Task prompt.
From top to bottom, return the listing exactly as it appears, omitting its images.

Collected data.
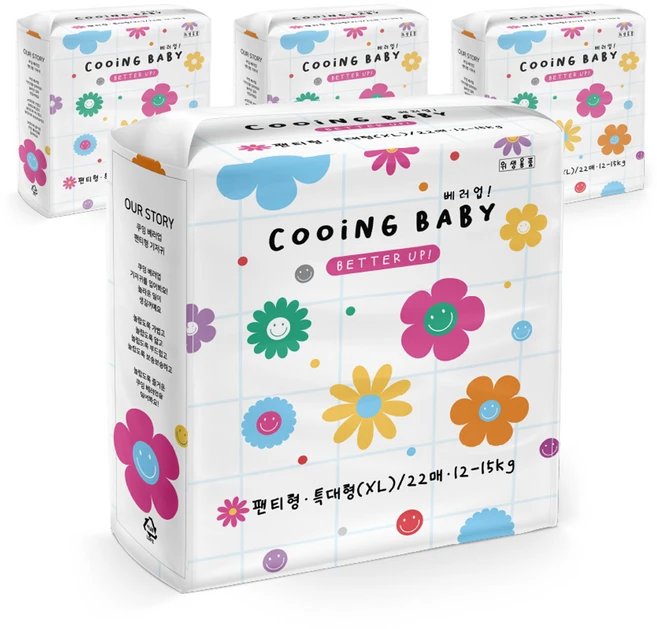 Cooing  베러업 팬티형 기저귀, 특대형(XL), 88개입 (22개입 X 4팩)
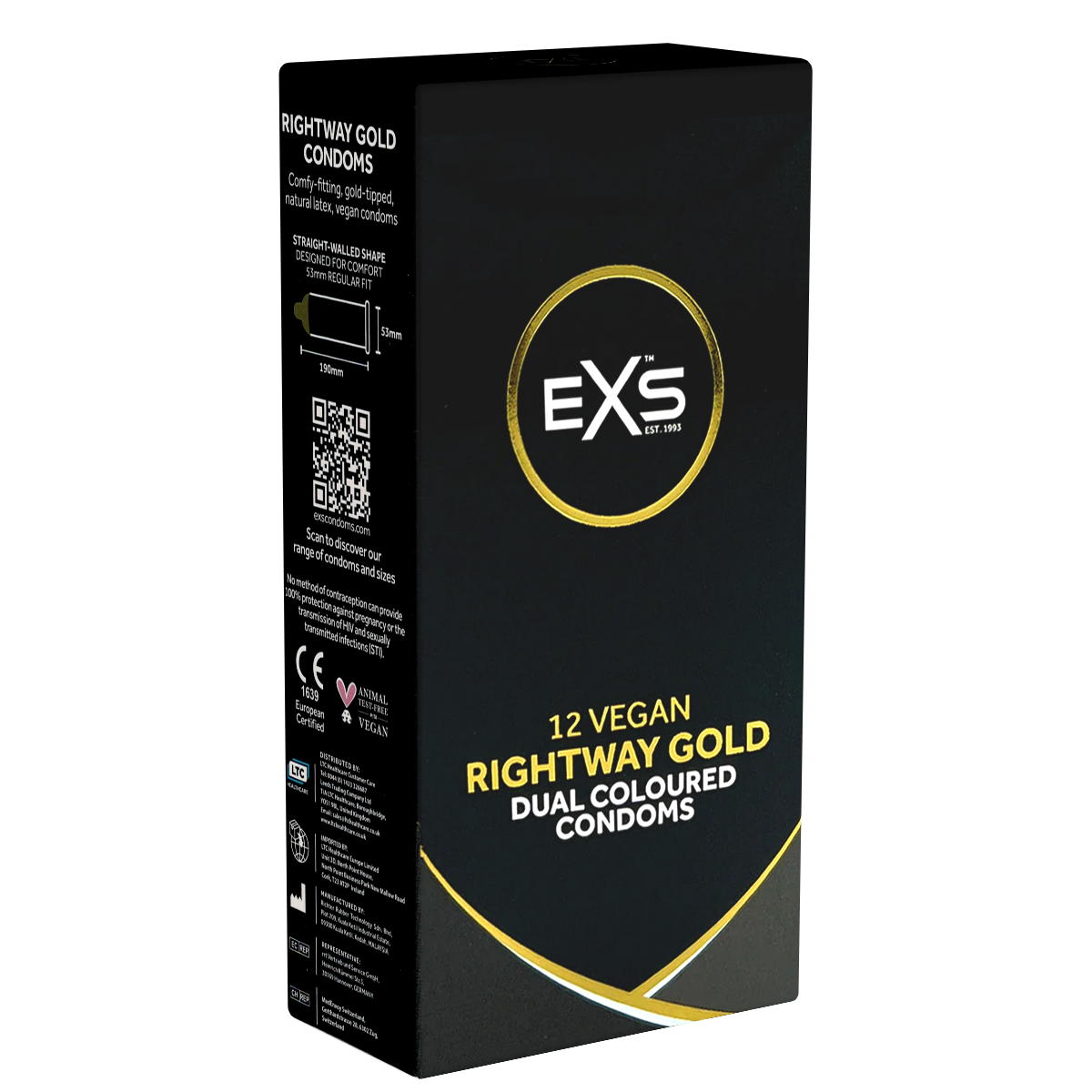 EXS «Rightway Gold» 12 zweifarbige Kondome für einfaches Überziehen - auch für Anfänger geeignet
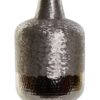 Vaso In Alluminio Raschiato Argento 22X22X33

Task output.
 Cooing  베러업 팬티형 기저귀, 특대형(XL), 88개입 (22개입 X 4팩)
 EXS «Rightway Gold» 12 zweifarbige Kondome für einfaches Überziehen - auch für Anfänger geeignet
 Vaso In Alluminio Raschiato Argento 22X22X33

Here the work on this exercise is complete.